Before delving too much into the specifics of dividend growth, I thought I would start by providing some background on where my personal passion for this area came from.
My interest in dividend growth investing started at an early age, as a high school student in the 1980s. I became interested in the stock market and would use my earnings from various odd jobs to scrape up enough to make a few small initial investments. As I started to dabble in stocks, buying just a few shares at a time, I noticed something interesting in the bond section of the financial pages. Coleco, a gaming and toy company, had a bond selling at a large discount with a very high yield (as I recall, the yield was something close to 20%). This seemed almost too good to be true. If I understood this opportunity correctly, I could get close to 20% a year in interest by simply waiting for the bond to get paid off, at which point the company would give me back more than I invested in the first place. In addition, this wasn’t just any company. I thought I knew Coleco’s products fairly well from its former popularity in electronic games and game consoles as well as the widely popular Cabbage Patch dolls. So, I pulled together some funds and made my first bond investment.
Sure enough, it was not too long after my investment that I received my first interest check, which was then followed by another three months later. My investment seemed to be working out as planned…until the checks stopped. The bond, of course, was selling at a big discount for a reason. Coleco was on the verge of bankruptcy and I ended up losing most of my investment. The irony is that I would have been better off using my money to buy the Cabbage Patch dolls instead of the bonds – at least those held their value over time (and some even became collector’s items). At the time, though, I viewed my failed investment as just a painful financial loss. What I didn’t realize then was that this single bad investment would be the seed for the search that eventually led me to dividend growth investing.
I’m a naturally curious person and the Coleco bond debacle led me to question my basic assumptions about investing. Why did the market seem to know that the company was in such trouble when I didn’t? How could a company with a prior history of successful products fall so hard and so fast? These and other questions led me to become a student of the market at a fairly young age. I began to study and learn about different investment strategies, and I started to include investment research into my academic work as a student whenever I could. I also began to test my theories out in both model and real world investments.

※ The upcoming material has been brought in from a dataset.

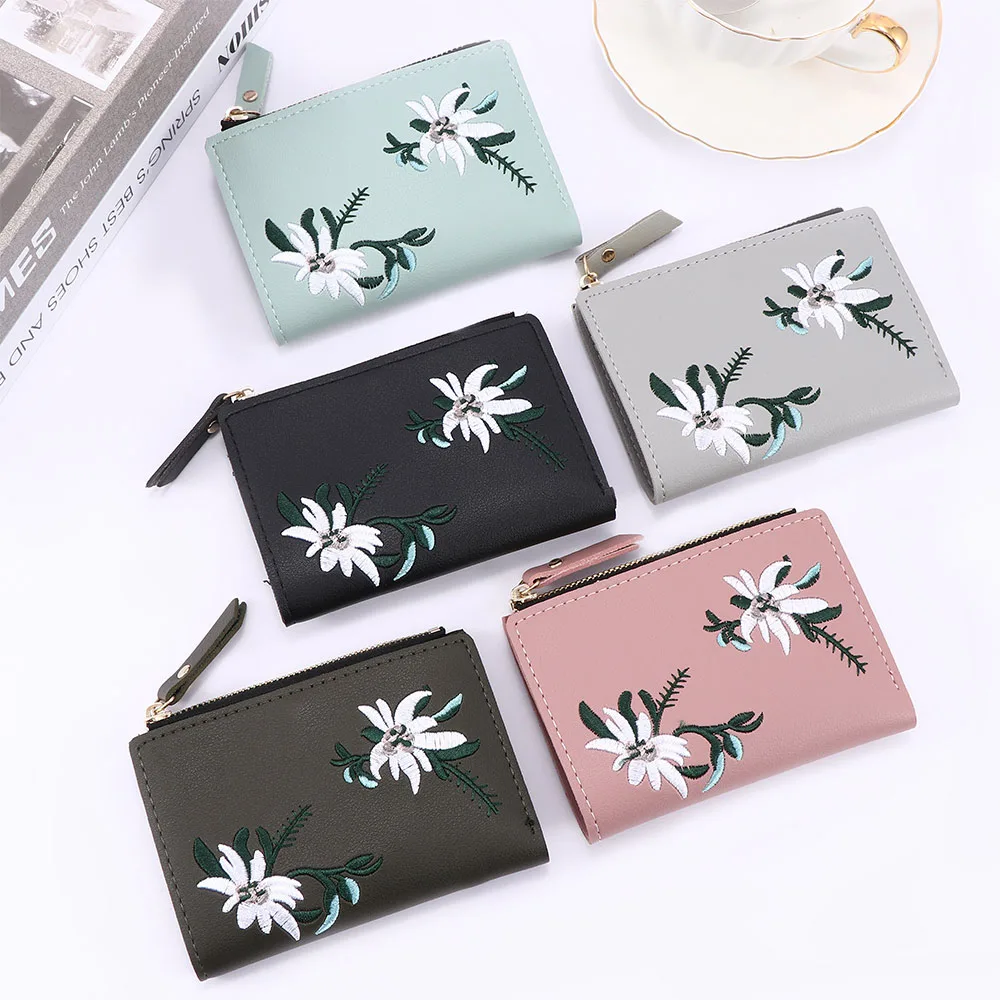 1 шт. новый кошелек женская сумка для монет кожаная простая Двойная маленькая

Among these investments were a few early holdings in dividend reinvestment plans (programs where you can enroll your shares in a program that uses dividends to buy more shares). It didn’t take long to notice the powerful impact of reinvesting these dividends. Every quarter I could see my share holdings in each company build just a little bit. While it was nice to see holdings grow on a small but consistent basis, the event I realized was most profitable was an announced dividend increase. Whenever a company would increase its dividend, this resulted in having even more buying power with which to purchase additional shares. In addition, this increase wasn’t just one time in nature, but also meant an increased dividend stream for years to come. As I realized just how powerful the combined effect of the continued reinvestment and increases could be, I began to focus on determining when, and by how much, companies I followed would likely raise their dividends in coming years. Soon, the prospect of dividend growth became a central and profitable foundation for my own investment approach.

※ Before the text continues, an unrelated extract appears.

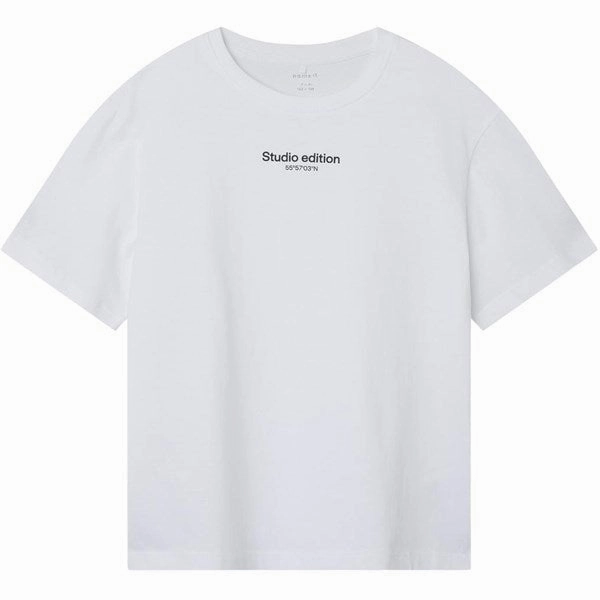 Simple yet stylish Name it Bright White Brody T-Shirt Noos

So, out of one very bad investment in a soon to be bankrupt company, I started down an investment path that soon led to a profound appreciation for the power of dividend compounding. At the time, the Coleco bond investment seemed like a costly mistake, but like many things in investing, the lessons learned over years of investing can lead to more profitable investing in the future. Most importantly, this all led me to an ongoing personal and professional search for the stocks of companies that grow their dividends over time. It is this journey that I look forward to sharing with the readers of this blog.